To assist in this search, the team is turning to imaging mass cytometry (IMC), an advanced technology that allows investigators to examine up to 40 different proteins in a single cell—all at the same time—from just one tiny section of tissue.

The work is a collaboration with the Single Cell, Sequencing, and CyTOF Core at Children’s Hospital Los Angeles, which is led by Shahab Asgharzadeh, MD, and Jeffrey Bender, MD.

“Using IMC and CyTOF, we can look at what the cell populations are, profile them, quantify them and spatially map them,” Dr. Ascher Bartlett says. “We’ll then be able to use data modeling and data analysis to explore the different relationships between those cell types.”

Specifically, the team is using liver biopsies from patients with ALF to study certain subsets of lymphocytes, a type of white blood cell that’s important in immune response, as well as other mononuclear cells and antibodies.

“The most common type of acute liver failure in children is indeterminate; we don’t know what causes it,” she says. “But recent research has proposed that perhaps a subtype of that indeterminate acute liver failure is actually immune-mediated, with CD8 dense marking on the liver biopsy.

“What we’re theorizing is that, in some forms of acute liver failure, the lymphocytes are revved up and working against something,” she explains. “Through this research, we will be able to come up with a much more detailed characterization of that immune response.”

In addition to guiding treatment decisions, that more detailed understanding could potentially reveal targets for immunotherapy or other novel treatments for pediatric ALF. Right now, 41% of all patients end up having a liver transplant.

Having access to state-of-the-art technology—as well as the hospital’s large cohort of ALF patients—are just two advantages of doing this research at Children’s Hospital Los Angeles, Dr. Ascher Bartlett notes.

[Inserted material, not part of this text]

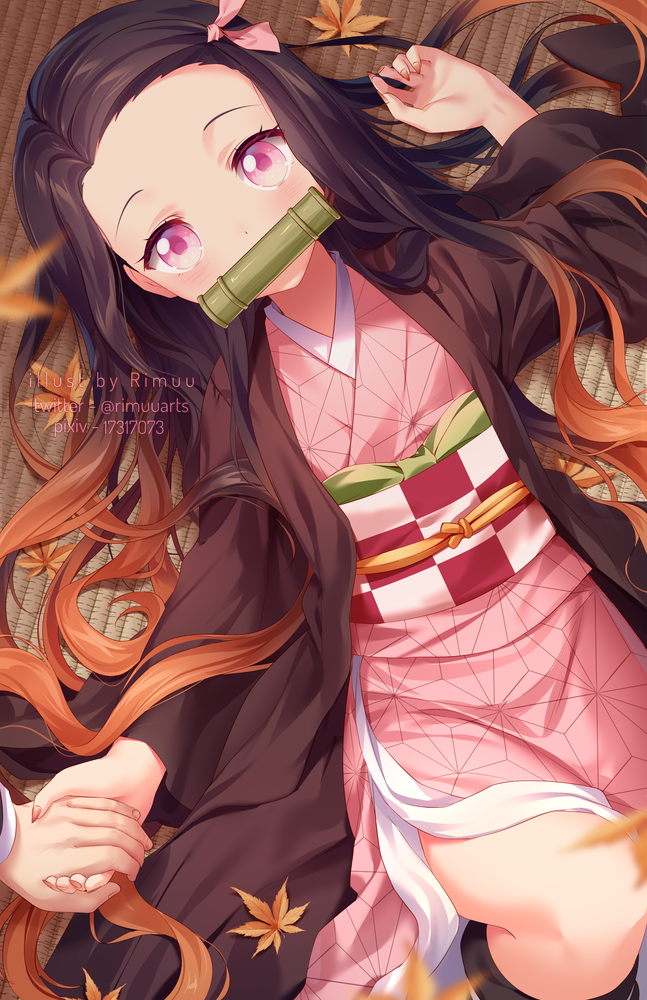 1girl artist_name autumn_leaves bamboo bangs bit_gag black_hair blurry blurry_foreground brown_hair checkered commentary depth_of_field english_commentary fingernails forehead gag gradient_hair hair_ribbon hand_up holding_hands japanese_clothes kamado_nezuko kimetsu_no_yaiba kimono leaf long_hair long_sleeves looking_at_viewer lying maple_leaf mouth_hold multicolored_hair obi on_back on_floor open_clothes parted_bangs pink_eyes pink_kimono pink_ribbon pixiv_username ribbon rimuu sash sharp_fingernails solo_focus twitter_username very_long_hair wide_sleeves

She is also benefiting from tremendous mentorship—working under liver transplant surgeon-scientist Juliet Emamaullee, MD, PhD, and Rohit Kohli, MBBS, MS, Chief of the Division of Gastroenterology, Hepatology and Nutrition.

“It’s a fantastic learning opportunity for me,” she says. “But I think what’s most exciting is the potential patient impact. If we are able to identify these biomarkers, the impact on pediatric liver transplant medicine could be transformative. I feel very fortunate to be a part of it.